Aquino Agrees to Talks on Future of Bases : 2,000 Anti-Quayle Protesters Routed

Share
From Associated Press

Police hurled tear gas today to disperse 2,000 leftists demonstrating against Vice President Dan Quayle and American military bases here. President Corazon Aquino accepted a U.S. offer to discuss the bases’ future.

Quayle called the ambush-slayings of two American civilians on Tuesday “cowardly murders” and said a majority of Filipinos want the bases to remain.

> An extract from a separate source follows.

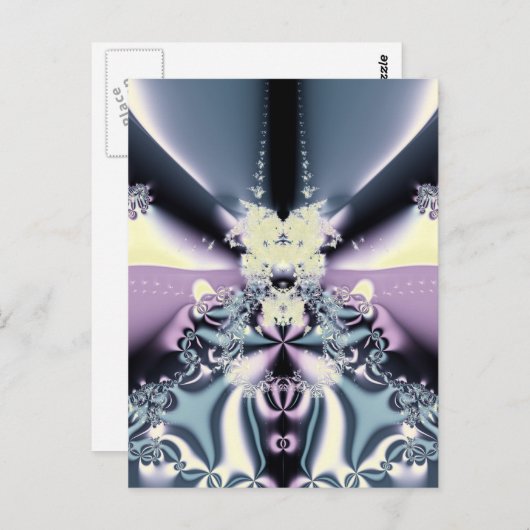 Carte Postale Stade pourpre (Devant / Derrière)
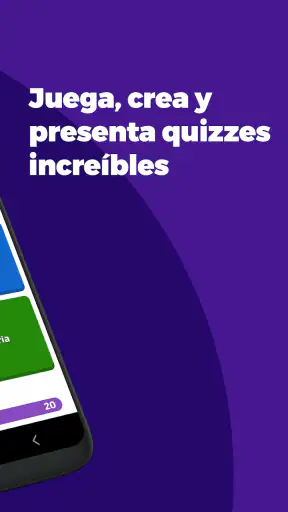 Kahoot! - Juega y crea quizzes screenshot 2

“Let me be direct: terrorists will not drive Americans from the Philippines,” he told U.S. troops and dependents at Clark Air Base and the Subic Bay naval base, the largest of the six American installations here.

Advertisement

Police fired tear gas after demonstrators refused to end an anti-base rally near the presidential palace. Riot police also drove back hundreds of others who tried to march to the main gate at Clark during Quayle’s appearance.

Police arrested 157 people for joining anti-Quayle rallies in the capital.

Opposition to the bases is increasing among Filipinos, who see the facilities as an infringement on national sovereignty.

Quayle met for about an hour with Aquino and gave her a letter from President Bush suggesting talks begin in December on allowing the bases to remain after their lease expires in September, 1991. An aide said she accepted.

Aquino’s executive secretary, Catalino Macaraig, said the government has agreed to the talks and would give Quayle formal notice before he leaves Thursday for Malaysia.